§ **ASSIGNED TASK**:
Each line from the start of the data below through the one containing "Cho thuê nhà" must be reproduced exactly.

§ **DATASET CONTENT**:

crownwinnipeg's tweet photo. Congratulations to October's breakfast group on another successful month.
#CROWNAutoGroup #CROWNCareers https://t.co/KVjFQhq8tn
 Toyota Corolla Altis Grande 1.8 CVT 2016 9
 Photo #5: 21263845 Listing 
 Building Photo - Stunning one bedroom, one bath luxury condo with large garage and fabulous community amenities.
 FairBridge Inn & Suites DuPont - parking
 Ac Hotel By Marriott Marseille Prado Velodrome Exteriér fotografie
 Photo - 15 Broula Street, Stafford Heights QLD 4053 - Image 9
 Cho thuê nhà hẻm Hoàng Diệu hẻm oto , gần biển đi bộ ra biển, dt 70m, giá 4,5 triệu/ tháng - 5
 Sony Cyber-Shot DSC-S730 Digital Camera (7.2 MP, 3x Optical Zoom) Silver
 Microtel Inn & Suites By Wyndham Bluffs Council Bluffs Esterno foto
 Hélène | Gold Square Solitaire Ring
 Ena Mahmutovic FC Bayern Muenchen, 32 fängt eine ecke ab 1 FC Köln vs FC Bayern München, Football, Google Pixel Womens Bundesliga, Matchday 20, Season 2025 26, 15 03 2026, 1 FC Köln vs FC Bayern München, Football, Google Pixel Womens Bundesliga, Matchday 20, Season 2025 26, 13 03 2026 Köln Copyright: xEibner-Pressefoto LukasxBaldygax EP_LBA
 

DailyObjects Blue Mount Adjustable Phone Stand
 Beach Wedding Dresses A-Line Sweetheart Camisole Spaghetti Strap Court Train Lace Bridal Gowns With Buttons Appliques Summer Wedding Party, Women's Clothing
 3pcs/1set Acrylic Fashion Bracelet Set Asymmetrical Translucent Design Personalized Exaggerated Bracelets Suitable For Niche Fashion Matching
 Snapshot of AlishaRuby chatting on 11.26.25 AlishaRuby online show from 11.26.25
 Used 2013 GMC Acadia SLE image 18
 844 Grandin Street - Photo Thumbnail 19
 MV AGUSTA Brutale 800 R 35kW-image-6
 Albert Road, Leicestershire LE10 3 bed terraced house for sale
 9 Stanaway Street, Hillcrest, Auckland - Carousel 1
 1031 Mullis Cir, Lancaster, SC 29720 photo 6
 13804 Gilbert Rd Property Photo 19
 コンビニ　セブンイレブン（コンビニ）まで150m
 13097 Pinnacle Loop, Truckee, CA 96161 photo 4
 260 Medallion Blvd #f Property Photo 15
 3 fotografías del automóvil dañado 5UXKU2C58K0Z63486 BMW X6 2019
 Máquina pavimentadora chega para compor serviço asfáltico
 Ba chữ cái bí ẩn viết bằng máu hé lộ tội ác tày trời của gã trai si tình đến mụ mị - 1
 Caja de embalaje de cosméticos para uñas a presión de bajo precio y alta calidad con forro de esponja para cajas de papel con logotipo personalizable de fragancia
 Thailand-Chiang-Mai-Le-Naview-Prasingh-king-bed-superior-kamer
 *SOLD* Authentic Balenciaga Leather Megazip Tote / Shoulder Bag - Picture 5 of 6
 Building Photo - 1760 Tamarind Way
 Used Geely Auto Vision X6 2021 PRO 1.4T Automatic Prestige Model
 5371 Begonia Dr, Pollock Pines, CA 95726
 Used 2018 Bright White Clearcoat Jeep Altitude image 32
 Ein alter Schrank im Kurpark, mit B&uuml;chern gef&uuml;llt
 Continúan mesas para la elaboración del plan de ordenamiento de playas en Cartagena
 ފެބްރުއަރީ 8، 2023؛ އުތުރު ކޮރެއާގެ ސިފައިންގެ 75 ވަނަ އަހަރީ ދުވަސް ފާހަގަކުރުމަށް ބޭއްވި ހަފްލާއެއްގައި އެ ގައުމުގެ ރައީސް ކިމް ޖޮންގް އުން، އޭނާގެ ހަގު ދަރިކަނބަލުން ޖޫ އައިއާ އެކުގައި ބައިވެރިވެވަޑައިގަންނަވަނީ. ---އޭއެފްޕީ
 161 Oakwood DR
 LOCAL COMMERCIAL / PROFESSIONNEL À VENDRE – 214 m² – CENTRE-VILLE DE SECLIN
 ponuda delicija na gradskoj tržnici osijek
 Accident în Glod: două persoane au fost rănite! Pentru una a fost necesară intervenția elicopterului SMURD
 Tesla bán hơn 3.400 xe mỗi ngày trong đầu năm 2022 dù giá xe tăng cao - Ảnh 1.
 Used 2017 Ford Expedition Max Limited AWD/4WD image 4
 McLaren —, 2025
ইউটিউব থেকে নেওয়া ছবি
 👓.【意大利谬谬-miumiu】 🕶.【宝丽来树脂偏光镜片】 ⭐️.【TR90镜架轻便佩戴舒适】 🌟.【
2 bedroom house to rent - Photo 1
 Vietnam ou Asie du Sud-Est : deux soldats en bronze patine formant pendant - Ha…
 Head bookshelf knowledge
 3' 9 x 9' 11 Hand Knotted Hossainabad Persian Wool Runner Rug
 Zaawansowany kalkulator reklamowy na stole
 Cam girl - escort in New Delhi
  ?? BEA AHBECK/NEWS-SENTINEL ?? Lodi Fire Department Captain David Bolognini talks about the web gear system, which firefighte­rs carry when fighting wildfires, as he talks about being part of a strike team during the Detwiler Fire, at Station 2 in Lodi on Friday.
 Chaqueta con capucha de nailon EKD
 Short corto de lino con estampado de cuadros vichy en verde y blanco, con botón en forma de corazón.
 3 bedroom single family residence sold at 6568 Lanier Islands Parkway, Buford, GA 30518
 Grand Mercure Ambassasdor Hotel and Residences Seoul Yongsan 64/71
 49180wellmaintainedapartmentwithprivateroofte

§ **WRITTEN ANSWER**:
crownwinnipeg's tweet photo. Congratulations to October's breakfast group on another successful month.
#CROWNAutoGroup #CROWNCareers https://t.co/KVjFQhq8tn
 Toyota Corolla Altis Grande 1.8 CVT 2016 9
 Photo #5: 21263845 Listing 
 Building Photo - Stunning one bedroom, one bath luxury condo with large garage and fabulous community amenities.
 FairBridge Inn & Suites DuPont - parking
 Ac Hotel By Marriott Marseille Prado Velodrome Exteriér fotografie
 Photo - 15 Broula Street, Stafford Heights QLD 4053 - Image 9
 Cho thuê nhà hẻm Hoàng Diệu hẻm oto , gần biển đi bộ ra biển, dt 70m, giá 4,5 triệu/ tháng - 5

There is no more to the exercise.